Nelson Algren: Unappreciated genius of American literature

Los Angeles Times Book Critic

Nelson Algren may be my favorite unappreciated genius of American literature. His fiction, largely set in his hometown of Chicago, blends grit and sensitivity to portray the grifters and the scammers, the addicts and the down-and-outers, whose humanity we often overlook.

Between 1942 and 1956, he put together a run of five books — “Never Come Morning,” “The Neon Wilderness,” “The Man with the Golden Arm,” “Chicago: City on the Make” and “A Walk on the Wild Side” — as good as anything any writer anywhere has ever done.

And yet, Algren, who died at 72 in 1981, has essentially been forgotten, his work unread, his name unrecalled.


“The Man with the Golden Arm” may have won the first National Book Award for fiction, in 1949, but when I wrote about Algren five years ago on the centennial of his birth, I was told by Harold Augenbraum, executive director of the National Book Foundation, that plans for a national celebration had been scrapped because “though his writing continued to resonate, the number of his readers and his currency among the general reading public had diminished.”

I don’t know that any of this will change with the release of “Algren: The Movie,” although the prospect is intriguing all the same.
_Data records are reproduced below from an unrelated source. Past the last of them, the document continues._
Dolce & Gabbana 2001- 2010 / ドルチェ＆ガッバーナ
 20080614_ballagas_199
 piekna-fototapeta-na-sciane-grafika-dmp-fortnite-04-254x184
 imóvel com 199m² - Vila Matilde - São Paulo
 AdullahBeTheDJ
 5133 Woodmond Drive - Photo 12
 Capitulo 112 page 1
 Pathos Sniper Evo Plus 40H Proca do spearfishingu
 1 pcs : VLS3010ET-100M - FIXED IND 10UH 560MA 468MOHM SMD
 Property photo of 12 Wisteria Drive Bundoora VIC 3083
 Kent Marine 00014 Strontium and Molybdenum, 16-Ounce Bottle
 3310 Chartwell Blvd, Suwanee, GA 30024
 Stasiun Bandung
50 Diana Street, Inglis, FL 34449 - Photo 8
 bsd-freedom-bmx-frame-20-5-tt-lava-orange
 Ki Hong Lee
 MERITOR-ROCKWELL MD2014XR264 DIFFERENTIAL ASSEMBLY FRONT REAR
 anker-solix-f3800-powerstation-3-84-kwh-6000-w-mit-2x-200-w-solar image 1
A documentary about the author’s life, it premieres Tuesday at the Chicago International Film Festival — which is as it should be.

Featuring recordings of Algren, interviews with friends and admirers such as Russell Banks and Philip Kaufman and Art Shay’s iconic black and white photographs of the author, it promises to be a loving retrospective. For a taste, the filmmakers have released two trailers, one focusing on the personality and the other on the work.

Algren was a thorny character, there’s no doubt about it. “He was honest and irreverent,” director Michael Caplan told Chicagoist in 2009, “and maybe got under people’s skin.”

Caplan continues: “When he left Chicago for New Jersey in 1975 he certainly had no love for the city. He felt it had rejected him, failed to recognize his work. Plus by the end of his life he was pretty bitter and drinking a lot. But I don’t wish to focus on that with this movie. I want to show that ultimately he was a compassionate man who loved people, especially the underdogs.”

The key to Algren, of course, is the tension between those perspectives: bitterness and compassion like a kind of yin and yang.


“The great trains howling from track to track all night,” he writes in “Never Come Morning.” “The taut and telegraphic murmur of ten thousand city wires, drawn most cruelly against a city sky. The rush of city waters, beneath the city streets. The passionate passing of the night’s last El.”

It makes me think of Bruno Bicek, the tough guy at the center of that novel, or Frankie Machine, junkie hero of “The Man with the Golden Arm” — “the luckless living soon to become the luckless dead.”

These were Algren’s people; he identified with them, as both a writer and a human being.

“I don’t think the isolation of the American writer is a tradition,” he told the Paris Review in 1955; “it’s more that geographically he just is isolated, unless he happens to live in New York City. But I don’t suppose there’s a small town around the country that doesn’t have a writer. The thing is that here you get to be a writer differently. I mean, a writer like Sartre decides, like any professional man, when he’s fifteen, sixteen years old, that instead of being a doctor he’s going to be a writer. And he absorbs the French tradition and proceeds from there. Well, here you get to be a writer when there’s absolutely nothing else you can do. I mean, I don’t know of any writers here who just started out to be writers, and then became writers. They just happen to fall into it.”